Molecular-Scale Insights into Electrochemical Reduction of CO2 on Hydrophobically Modified Cu Surfaces.

Abstract

Depressing the competitive hydrogen evolution reaction (HER) to promote current efficiency toward carbon-based chemicals in the electrocatalytic CO2 reduction reaction (CO2RR) is desirable. A strategy is to apply the hydrophobically molecular-modified electrodes. However, the molecular-scale catalytic process remains poorly understood. Using alkanethiol-modified hydrophobic Cu as an electrode and CO2-saturated KHCO3 as an electrolyte, we reveal that H2O, rather than HCO3-, is the major H+ source for the HER, determined by differential electrochemical mass spectrometry with isotopic labeling.

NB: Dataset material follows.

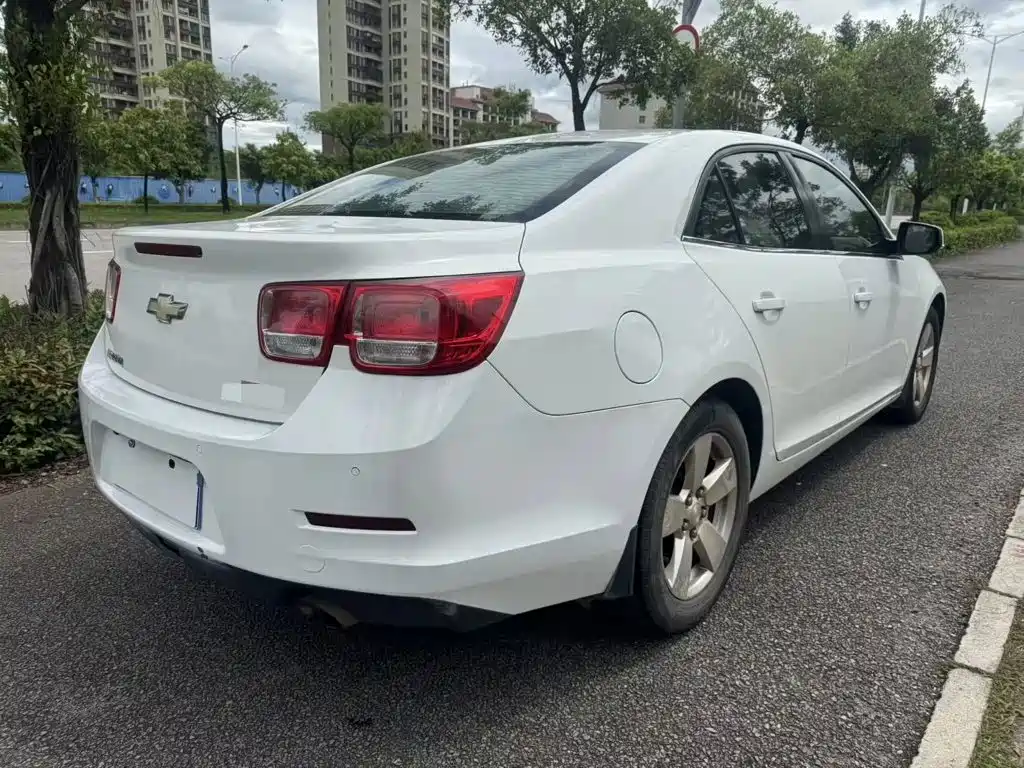 Chevrolet Malibu — миниатюра 7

As a result, using in situ Raman, we find that the hydrophobic molecules screen the cathodic electric field effect on the reorientation of interfacial H2O to a "H-down" configuration toward Cu surfaces that corresponds to the decreased content of H-bonding-free water, leading to unfavorable H2O dissociation and thus decreased H+ source for the HER. Further, density functional theory calculations suggest that the absorbed alkanethiol molecules alter the electronic structure of Cu sites, thus decreasing the formation energy barrier of CO2RR intermediates, which consequently increases the CO2RR selectivity. This work provides a molecular-level understanding of improved CO2RR on hydrophobically molecule-modified catalysts and presents general references for catalytic systems having H2O-involved competitive HER.